Dari seribu anak muda Indonesia, hanya satu yang benar-benar suka membaca. Bukan sekadar bisa membaca, tapi ingin membaca. Data dari UNDP (2025) ini bukan sekadar angka, tapi alarm keras bagi masa depan bangsa.
Kita sudah membangun sekolah, menyebar buku, bahkan membagikan gawai. Tapi gagal menumbuhkan cinta pada ilmu. Literasi kita sekadar kemampuan mengeja, bukan kebiasaan berpikir.
Di ruang kelas, buku hanya dibuka karena disuruh. Anak-anak membaca karena wajib, bukan karena haus membaca. Ketika bel berbunyi, buku ditinggalkan, gawai disambar. Mereka lebih terlatih menelusuri video pendek daripada menekuni satu paragraf panjang.
Inilah yang disebut literasi fungsional rendah. Kita bisa mengakses informasi, tapi tak mampu memilahnya. Kita tahu huruf, tapi tak memahami makna.
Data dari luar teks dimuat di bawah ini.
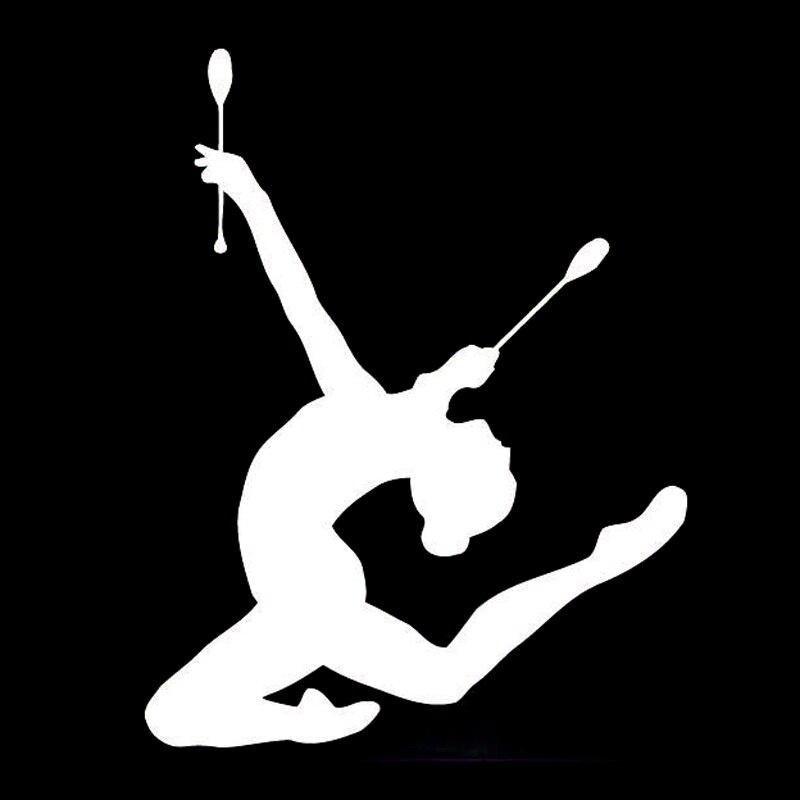 14.1CM*18.2CM Interesting Sport Girl Gymnastic Gym Car Sticker Vinyl Black/Silver Silhouette S9-0493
Kita menjadi sasaran empuk hoaks, karena tak terbiasa curiga, apalagi menyelidik.
Survei PISA (2018) yang mengukur kemampuan siswa usia 15 tahun dalam memahami dan menerapkan pengetahuan di kehidupan nyata, menempatkan kemampuan membaca pelajar Indonesia di peringkat 72 dari 79 negara.
Bangsa yang berhenti membaca, berhenti bertanya. Dan bangsa yang tak bertanya, perlahan kehilangan arah. Kita sedang berjalan menuju masa depan dengan mata setengah tertutup. Di balik gemerlap teknologi dan jargon industri 4.0, tumbuh generasi yang mahir scroll tapi miskin kedalaman. Terampil swipe, tapi goyah menghadapi tantangan.
Ini bukan salah anak-anak kita. Ini salah kita, orang tua, sekolah, dan sistem yang membiarkan otak tumbuh dalam budaya instan. Kita tak mewariskan rumah yang penuh buku. Sekolah kita tidak merangsang rasa ingin tahu. Dan masyarakat kita lebih memuja sensasi daripada ilmu.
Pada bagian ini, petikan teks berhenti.